> PROBLEM
Locate the line that contains "Imagem de capa: I" in the data that follows. Copy it and every subsequent line to the end, exactly, excluding pictures.

(Image-text web data)
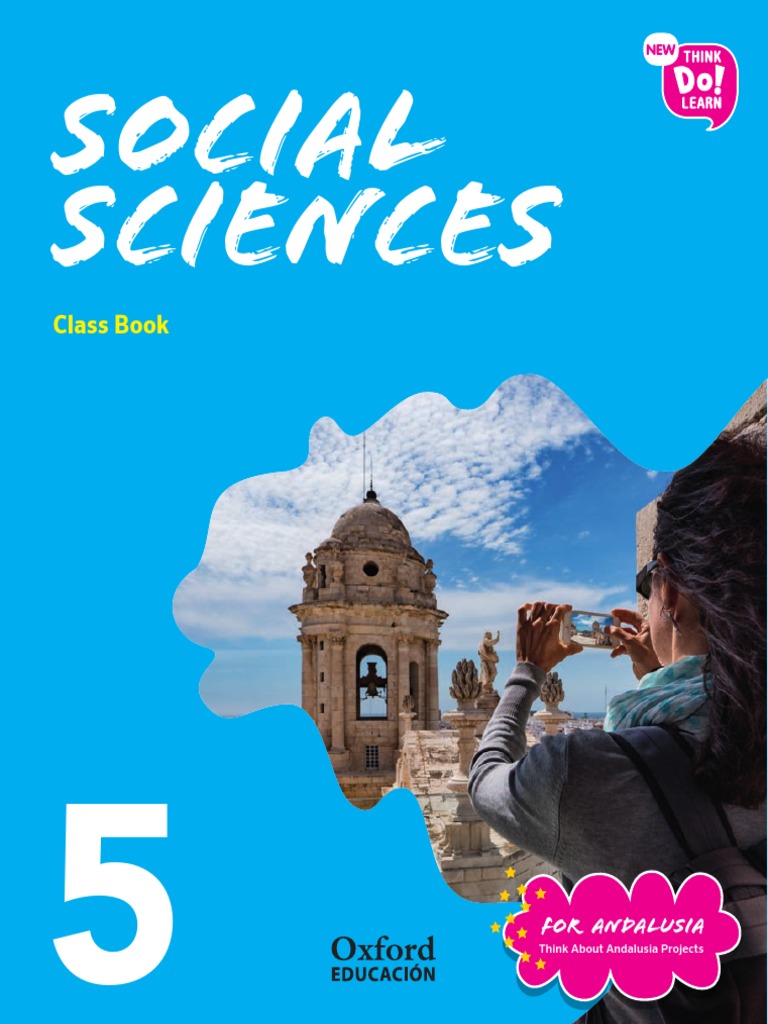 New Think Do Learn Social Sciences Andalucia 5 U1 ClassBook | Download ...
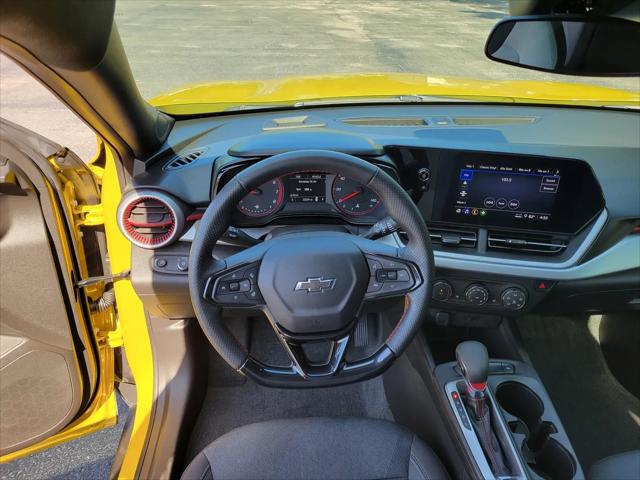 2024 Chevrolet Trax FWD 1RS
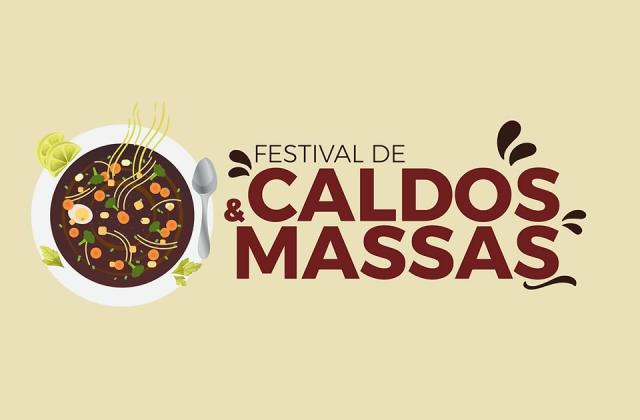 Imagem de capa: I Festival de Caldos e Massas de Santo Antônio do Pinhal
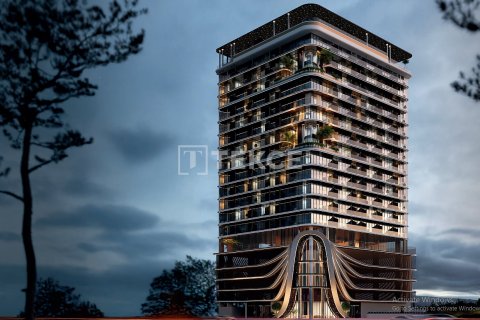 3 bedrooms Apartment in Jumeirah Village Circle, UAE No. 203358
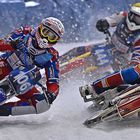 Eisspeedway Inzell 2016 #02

> SOLUTION FOR THIS EXERCISE
 Imagem de capa: I Festival de Caldos e Massas de Santo Antônio do Pinhal
 3 bedrooms Apartment in Jumeirah Village Circle, UAE No. 203358
 Eisspeedway Inzell 2016 #02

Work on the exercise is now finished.